#### Short descriptive text snippets
------------------------------------

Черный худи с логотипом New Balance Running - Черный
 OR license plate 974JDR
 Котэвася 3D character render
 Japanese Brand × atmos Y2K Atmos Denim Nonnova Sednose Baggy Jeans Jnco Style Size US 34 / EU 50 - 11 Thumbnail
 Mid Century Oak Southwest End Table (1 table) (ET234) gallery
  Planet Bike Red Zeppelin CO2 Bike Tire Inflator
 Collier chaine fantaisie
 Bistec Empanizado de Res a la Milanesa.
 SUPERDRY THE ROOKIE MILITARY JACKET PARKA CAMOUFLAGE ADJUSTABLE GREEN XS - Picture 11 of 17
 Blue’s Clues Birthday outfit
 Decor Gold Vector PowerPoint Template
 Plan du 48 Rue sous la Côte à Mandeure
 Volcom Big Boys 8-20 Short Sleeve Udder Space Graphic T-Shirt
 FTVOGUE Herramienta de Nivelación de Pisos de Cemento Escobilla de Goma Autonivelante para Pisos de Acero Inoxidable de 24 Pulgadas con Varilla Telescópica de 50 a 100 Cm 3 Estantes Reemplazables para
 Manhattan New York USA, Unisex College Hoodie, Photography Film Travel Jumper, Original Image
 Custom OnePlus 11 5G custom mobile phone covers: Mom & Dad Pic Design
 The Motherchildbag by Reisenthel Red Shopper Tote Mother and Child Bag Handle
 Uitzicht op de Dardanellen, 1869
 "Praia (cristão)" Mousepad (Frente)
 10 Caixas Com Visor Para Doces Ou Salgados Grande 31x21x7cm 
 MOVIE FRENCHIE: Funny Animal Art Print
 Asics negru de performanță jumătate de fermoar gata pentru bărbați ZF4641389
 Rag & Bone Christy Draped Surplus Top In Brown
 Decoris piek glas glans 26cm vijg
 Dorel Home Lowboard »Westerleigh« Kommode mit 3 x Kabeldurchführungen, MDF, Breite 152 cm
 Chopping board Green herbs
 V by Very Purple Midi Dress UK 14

------------------------------------

#### What the task requires
Each of the entries must be written out again exactly.

#### Task answer
Черный худи с логотипом New Balance Running - Черный
 OR license plate 974JDR
 Котэвася 3D character render
 Japanese Brand × atmos Y2K Atmos Denim Nonnova Sednose Baggy Jeans Jnco Style Size US 34 / EU 50 - 11 Thumbnail
 Mid Century Oak Southwest End Table (1 table) (ET234) gallery
  Planet Bike Red Zeppelin CO2 Bike Tire Inflator
 Collier chaine fantaisie
 Bistec Empanizado de Res a la Milanesa.
 SUPERDRY THE ROOKIE MILITARY JACKET PARKA CAMOUFLAGE ADJUSTABLE GREEN XS - Picture 11 of 17
 Blue’s Clues Birthday outfit
 Decor Gold Vector PowerPoint Template
 Plan du 48 Rue sous la Côte à Mandeure
 Volcom Big Boys 8-20 Short Sleeve Udder Space Graphic T-Shirt
 FTVOGUE Herramienta de Nivelación de Pisos de Cemento Escobilla de Goma Autonivelante para Pisos de Acero Inoxidable de 24 Pulgadas con Varilla Telescópica de 50 a 100 Cm 3 Estantes Reemplazables para
 Manhattan New York USA, Unisex College Hoodie, Photography Film Travel Jumper, Original Image
 Custom OnePlus 11 5G custom mobile phone covers: Mom & Dad Pic Design
 The Motherchildbag by Reisenthel Red Shopper Tote Mother and Child Bag Handle
 Uitzicht op de Dardanellen, 1869
 "Praia (cristão)" Mousepad (Frente)
 10 Caixas Com Visor Para Doces Ou Salgados Grande 31x21x7cm 
 MOVIE FRENCHIE: Funny Animal Art Print
 Asics negru de performanță jumătate de fermoar gata pentru bărbați ZF4641389
 Rag & Bone Christy Draped Surplus Top In Brown
 Decoris piek glas glans 26cm vijg
 Dorel Home Lowboard »Westerleigh« Kommode mit 3 x Kabeldurchführungen, MDF, Breite 152 cm
 Chopping board Green herbs
 V by Very Purple Midi Dress UK 14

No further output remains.